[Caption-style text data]
════════════════════
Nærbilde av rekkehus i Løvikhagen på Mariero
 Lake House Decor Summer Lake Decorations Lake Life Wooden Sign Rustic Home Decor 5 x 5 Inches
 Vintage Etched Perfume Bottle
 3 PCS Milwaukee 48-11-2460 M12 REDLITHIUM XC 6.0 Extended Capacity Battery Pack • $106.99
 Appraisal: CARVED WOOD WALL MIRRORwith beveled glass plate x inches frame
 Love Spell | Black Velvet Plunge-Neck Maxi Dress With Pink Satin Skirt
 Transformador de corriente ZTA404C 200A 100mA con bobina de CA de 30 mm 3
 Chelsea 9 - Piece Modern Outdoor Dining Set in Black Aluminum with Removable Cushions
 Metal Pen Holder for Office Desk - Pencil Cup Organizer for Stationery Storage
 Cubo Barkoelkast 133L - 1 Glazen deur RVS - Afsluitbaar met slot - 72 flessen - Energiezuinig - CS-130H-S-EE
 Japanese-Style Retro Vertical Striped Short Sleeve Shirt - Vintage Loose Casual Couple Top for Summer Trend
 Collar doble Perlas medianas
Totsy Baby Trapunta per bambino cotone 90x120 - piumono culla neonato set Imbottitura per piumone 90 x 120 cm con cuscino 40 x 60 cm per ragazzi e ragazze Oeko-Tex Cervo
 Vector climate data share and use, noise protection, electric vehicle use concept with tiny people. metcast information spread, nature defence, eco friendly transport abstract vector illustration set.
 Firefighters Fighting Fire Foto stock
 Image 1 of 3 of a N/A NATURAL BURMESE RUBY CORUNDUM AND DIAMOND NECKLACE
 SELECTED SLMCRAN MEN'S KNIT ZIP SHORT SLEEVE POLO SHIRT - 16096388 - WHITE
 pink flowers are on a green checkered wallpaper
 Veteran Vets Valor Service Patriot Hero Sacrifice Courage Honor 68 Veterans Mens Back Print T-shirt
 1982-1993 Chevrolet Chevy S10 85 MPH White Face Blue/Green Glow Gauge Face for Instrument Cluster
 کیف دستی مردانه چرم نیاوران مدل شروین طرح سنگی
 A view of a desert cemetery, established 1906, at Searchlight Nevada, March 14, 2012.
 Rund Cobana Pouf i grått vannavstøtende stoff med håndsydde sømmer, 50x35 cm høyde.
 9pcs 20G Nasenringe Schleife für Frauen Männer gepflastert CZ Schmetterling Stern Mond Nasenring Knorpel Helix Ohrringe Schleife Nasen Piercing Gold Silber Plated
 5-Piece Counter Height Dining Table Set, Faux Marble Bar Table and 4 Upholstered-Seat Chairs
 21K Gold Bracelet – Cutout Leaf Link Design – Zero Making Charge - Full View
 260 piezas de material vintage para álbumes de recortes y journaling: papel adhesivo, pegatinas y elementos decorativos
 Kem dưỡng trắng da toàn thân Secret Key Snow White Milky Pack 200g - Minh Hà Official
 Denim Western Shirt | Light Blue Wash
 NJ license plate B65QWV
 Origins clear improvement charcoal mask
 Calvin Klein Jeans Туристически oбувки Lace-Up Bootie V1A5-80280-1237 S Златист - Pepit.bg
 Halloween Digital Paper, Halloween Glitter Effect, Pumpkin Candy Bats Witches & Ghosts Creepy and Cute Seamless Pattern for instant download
════════════════════
● Task instructions: Set down all of the lines above without altering a word.

● Finished task:
Nærbilde av rekkehus i Løvikhagen på Mariero
 Lake House Decor Summer Lake Decorations Lake Life Wooden Sign Rustic Home Decor 5 x 5 Inches
 Vintage Etched Perfume Bottle
 3 PCS Milwaukee 48-11-2460 M12 REDLITHIUM XC 6.0 Extended Capacity Battery Pack • $106.99
 Appraisal: CARVED WOOD WALL MIRRORwith beveled glass plate x inches frame
 Love Spell | Black Velvet Plunge-Neck Maxi Dress With Pink Satin Skirt
 Transformador de corriente ZTA404C 200A 100mA con bobina de CA de 30 mm 3
 Chelsea 9 - Piece Modern Outdoor Dining Set in Black Aluminum with Removable Cushions
 Metal Pen Holder for Office Desk - Pencil Cup Organizer for Stationery Storage
 Cubo Barkoelkast 133L - 1 Glazen deur RVS - Afsluitbaar met slot - 72 flessen - Energiezuinig - CS-130H-S-EE
 Japanese-Style Retro Vertical Striped Short Sleeve Shirt - Vintage Loose Casual Couple Top for Summer Trend
 Collar doble Perlas medianas
Totsy Baby Trapunta per bambino cotone 90x120 - piumono culla neonato set Imbottitura per piumone 90 x 120 cm con cuscino 40 x 60 cm per ragazzi e ragazze Oeko-Tex Cervo
 Vector climate data share and use, noise protection, electric vehicle use concept with tiny people. metcast information spread, nature defence, eco friendly transport abstract vector illustration set.
 Firefighters Fighting Fire Foto stock
 Image 1 of 3 of a N/A NATURAL BURMESE RUBY CORUNDUM AND DIAMOND NECKLACE
 SELECTED SLMCRAN MEN'S KNIT ZIP SHORT SLEEVE POLO SHIRT - 16096388 - WHITE
 pink flowers are on a green checkered wallpaper
 Veteran Vets Valor Service Patriot Hero Sacrifice Courage Honor 68 Veterans Mens Back Print T-shirt
 1982-1993 Chevrolet Chevy S10 85 MPH White Face Blue/Green Glow Gauge Face for Instrument Cluster
 کیف دستی مردانه چرم نیاوران مدل شروین طرح سنگی
 A view of a desert cemetery, established 1906, at Searchlight Nevada, March 14, 2012.
 Rund Cobana Pouf i grått vannavstøtende stoff med håndsydde sømmer, 50x35 cm høyde.
 9pcs 20G Nasenringe Schleife für Frauen Männer gepflastert CZ Schmetterling Stern Mond Nasenring Knorpel Helix Ohrringe Schleife Nasen Piercing Gold Silber Plated
 5-Piece Counter Height Dining Table Set, Faux Marble Bar Table and 4 Upholstered-Seat Chairs
 21K Gold Bracelet – Cutout Leaf Link Design – Zero Making Charge - Full View
 260 piezas de material vintage para álbumes de recortes y journaling: papel adhesivo, pegatinas y elementos decorativos
 Kem dưỡng trắng da toàn thân Secret Key Snow White Milky Pack 200g - Minh Hà Official
 Denim Western Shirt | Light Blue Wash
 NJ license plate B65QWV
 Origins clear improvement charcoal mask
 Calvin Klein Jeans Туристически oбувки Lace-Up Bootie V1A5-80280-1237 S Златист - Pepit.bg
 Halloween Digital Paper, Halloween Glitter Effect, Pumpkin Candy Bats Witches & Ghosts Creepy and Cute Seamless Pattern for instant download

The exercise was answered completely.